Transformasi drastis dari Artis ke Aktivis
Keputusan Manohara untuk mundur dari dunia hiburan Tanah Air bukanlah tanpa alasan. Ia merasa panggilan jiwanya lebih besar dalam upaya penyelamatan satwa. Melalui keterlibatannya dalam organisasi non-pemerintah (NGO) perlindungan hewan, Manohara aktif menyuarakan penghentian eksploitasi satwa, mulai dari lumba-lumba sirkus hingga pembebasan monyet pantai.
Dedikasinya terhadap detail and keselamatan satwa ini menunjukkan sisi keteguhan hatinya, sama halnya dengan ketelatenan yang dibutuhkan saat merawat tanaman bumbu di rumah atau budidaya daun mint yang membutuhkan kepedulian tinggi terhadap mahluk hidup lainnya.

Fokus pada Isu Lingkungan dan Gaya Hidup Vegan
Sebagai bentuk komitmen totalnya terhadap perlindungan hewan, Manohara juga telah lama menjalani gaya hidup vegan. Ia vokal dalam mengedukasi masyarakat tentang dampak industri fashion terhadap penderitaan satwa. Baginya, kecantikan sejati bukan berasal dari apa yang kita kenakan, melainkan dari upaya kita menjaga keseimbangan alam.

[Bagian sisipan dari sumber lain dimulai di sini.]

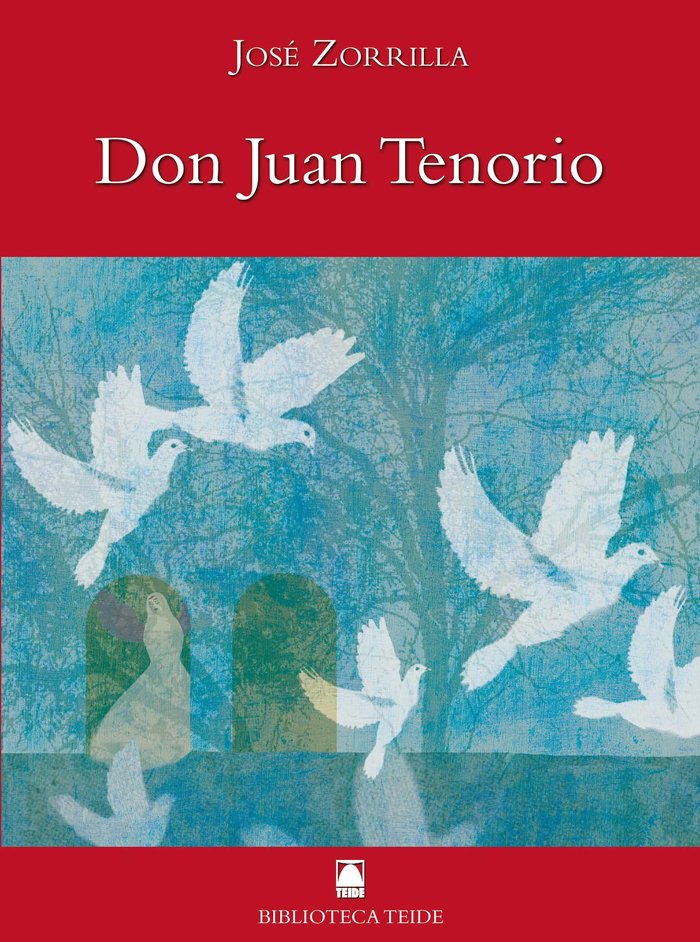 Biblioteca Teide 051 - Don Juan Tenorio -José Zorrilla-, de Fortuny Giné, Joan Baptista | portada del libro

Kecintaannya pada alam semesta juga mencakup perlindungan terhadap ekosistem laut, tempat tinggal mahluk-mahluk unik seperti udang pistol yang luar biasa atau isopod laut raksasa yang menjaga kebersihan dasar samudera.
Kegiatan Manohara di Tahun 2026
Kini, Manohara lebih memilih untuk tetap bersifat rendah hati (low key) di media sosial kecuali jika berkaitan dengan kampanye perlindungan hewan. Ia sering turun langsung ke lapangan untuk memastikan satwa-satwa yang telah diselamatkan mendapatkan lingkungan hidup yang layak agar tidak mengalami stres atau gangguan mental.
Menjaga kesehatan fisik dan mental di tengah aktivitas lapangan yang padat menjadi prioritas bagi Manohara. Mungkin ia juga sepakat bahwa mandi garam Epsom memberikan relaksasi yang diperlukan setelah seharian bekerja keras di alam terbuka.
Kesimpulan: Manohara Odelia Pinot adalah contoh nyata perjuangan seorang wanita untuk mendefinisikan ulang jati dirinya. Dari simbol perjuangan pribadi di masa lalu, kini ia menjadi pejuang bagi mereka yang tidak bisa bersuara: satwa liar Indonesia.